Service done with student's, agency's, and clients' needs in mind equally

Service done primarily with agency's and clients' needs in mind

Tasks related as closely as possible to the student's classroom theories (determined before service begins)

In general, volunteer temperament and abilities are matched with service tasks.

Server must reflect and focus on connections between service and course to get full benefit of service

Server might reflect on impact of service to enhance appreciation of service

"Service as a means to reach the end goal of learning"

"Service for service sake"

Students are at your site to both learn and serve. This is the fundamental difference between Service Learning and volunteerism. It is a tricky balancing act to see both components as equal. But if you think of Service Learning as an academically-focused service program, it will help you to keep both the academic and service goals of the students in mind throughout your involvement with the Program.

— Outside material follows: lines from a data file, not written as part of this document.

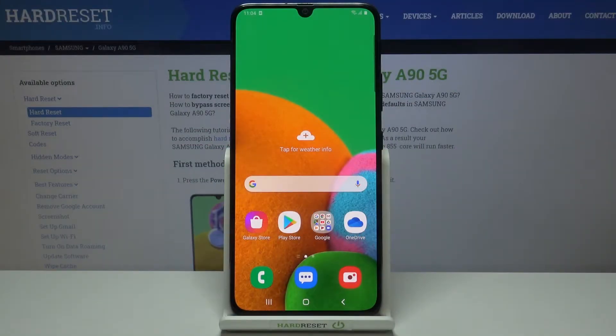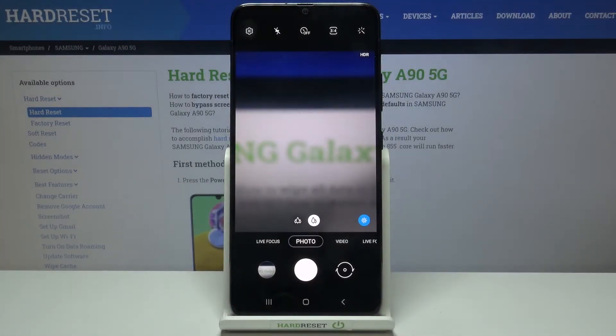Welcome! Here I've got the Samsung Galaxy A90 5G and I'm going to show you how to allow the camera app to scan QR codes on this device. Let's start by tapping on the camera button to open it — for now we are in the standard photo mode.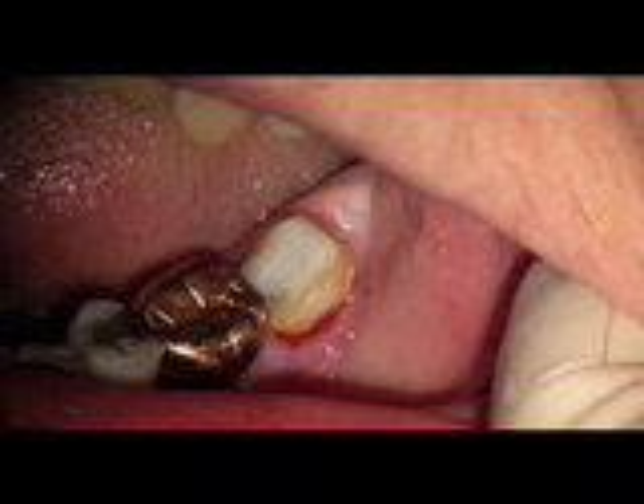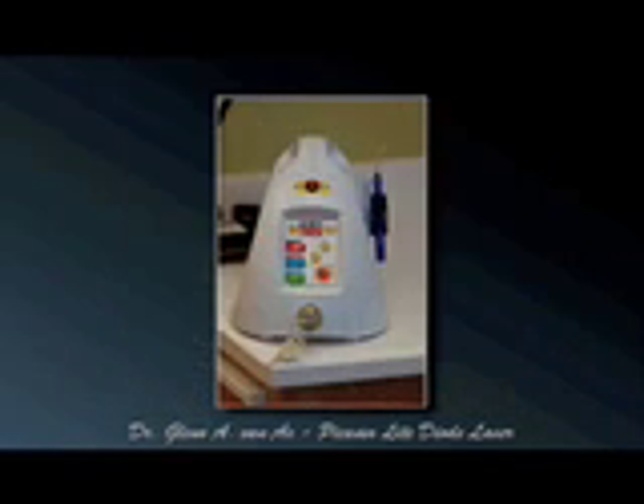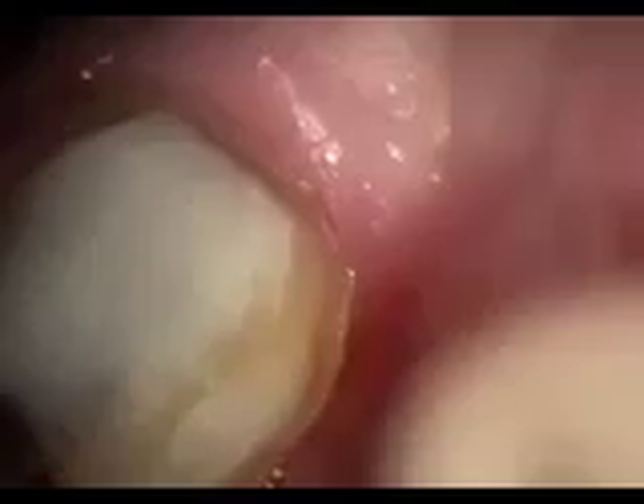At this point we're going to use a Picasso light, which comes in a carrying case box. As you open it you can see all the contents in the box. We're going to use Picasso light in comfort mode, which is the blue setting with the smiling face, at 1.8 watts, 30 microseconds pulse and 30 microseconds duration.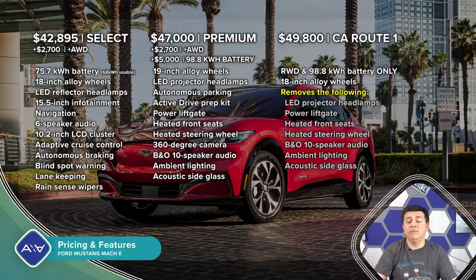The premium trim Mach-E like the one I have starts at $47,000 and includes the panoramic glass moonroof, the Bang & Olufsen audio system, heated seats, and a heated steering wheel. All-wheel drive is still a $2,700 option, and a bigger battery pack is $5,000 extra in either rear- or all-wheel drive. The one I'm driving is all-wheel drive with the bigger battery. If you're on the fence between standard and extended range, I'd suggest the bigger battery — as the battery ages its capacity decreases, so a 230-mile range model may eventually not be able to reach 200 miles on a full charge. The fastest Mach-E GT, competing directly with the Model Y Performance, will start at about $60,500.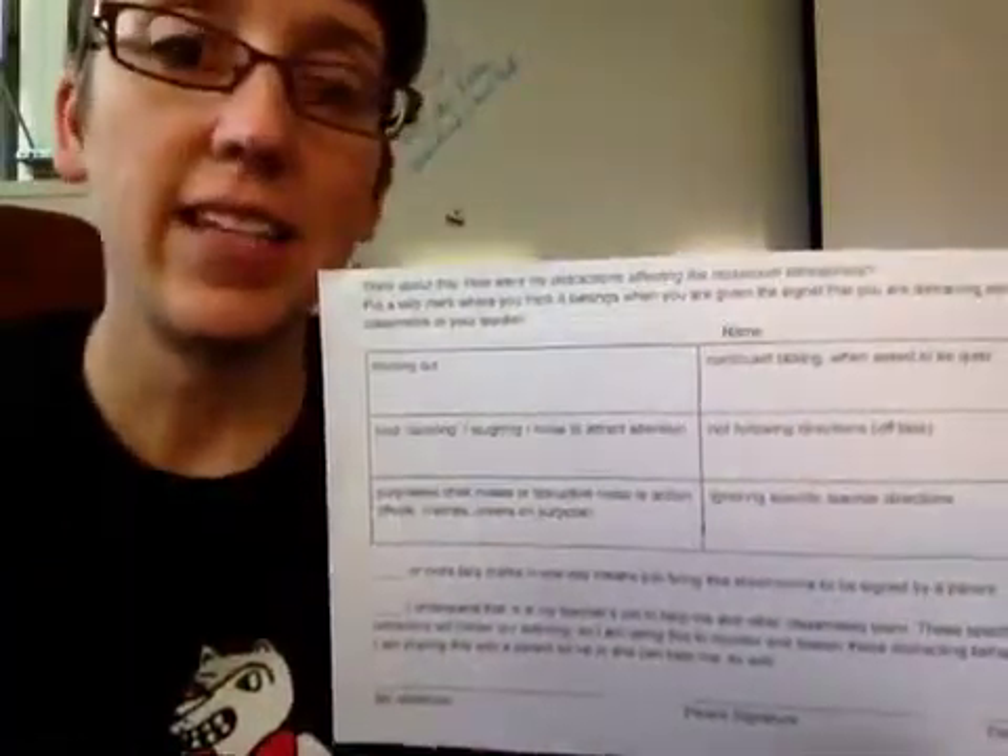Sometimes we need a behavior plan for those students that don't know what they're doing. I sat down and watched what my students were doing that was getting on my nerves and distracting the class, and I decided to separate them out into different boxes. If they get three or more tallies for a day, then they send it home.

When you become a part of the Service Learning Program at Marquette, you become our partner in educating our students. Our goal is for each community placement to provide an atmosphere in which the student can effectively understand the academic aspects of their service. By collaborating with Service Learning, you agree to provide an opportunity for students to get hands-on experience in testing out the theories that their classes are proposing. This is an important commitment. Without you as co-educator, our program would not function.

In addition to providing students with an indelible lesson in the necessity and value of service to others, experiential learning presents a number of benefits to students that traditional learning does not. Research has shown that coupled with traditional classroom teaching, experiential learning fosters higher levels of leadership skills, cognitive development and acquisition of knowledge, personal efficacy and career development.

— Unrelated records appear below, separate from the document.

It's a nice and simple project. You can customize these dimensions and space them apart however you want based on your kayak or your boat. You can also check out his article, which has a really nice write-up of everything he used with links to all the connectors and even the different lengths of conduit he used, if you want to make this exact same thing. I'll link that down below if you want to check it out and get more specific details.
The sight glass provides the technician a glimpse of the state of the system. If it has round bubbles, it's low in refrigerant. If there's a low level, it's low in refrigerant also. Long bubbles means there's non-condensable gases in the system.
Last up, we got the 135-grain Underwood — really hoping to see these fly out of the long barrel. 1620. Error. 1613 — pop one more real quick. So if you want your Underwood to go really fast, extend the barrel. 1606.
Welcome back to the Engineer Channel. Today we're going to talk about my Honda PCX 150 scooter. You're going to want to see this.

Service Learning also enables students to work directly with people of diverse backgrounds and varying abilities. This gives students the chance to learn where their strengths and weaknesses are, while helping others realize their own strengths. This learning method, with its unique and changing opportunities, allows students to learn how to educate themselves. This is one of the most important lessons of life - we are all teachers and students, often fulfilling both roles simultaneously.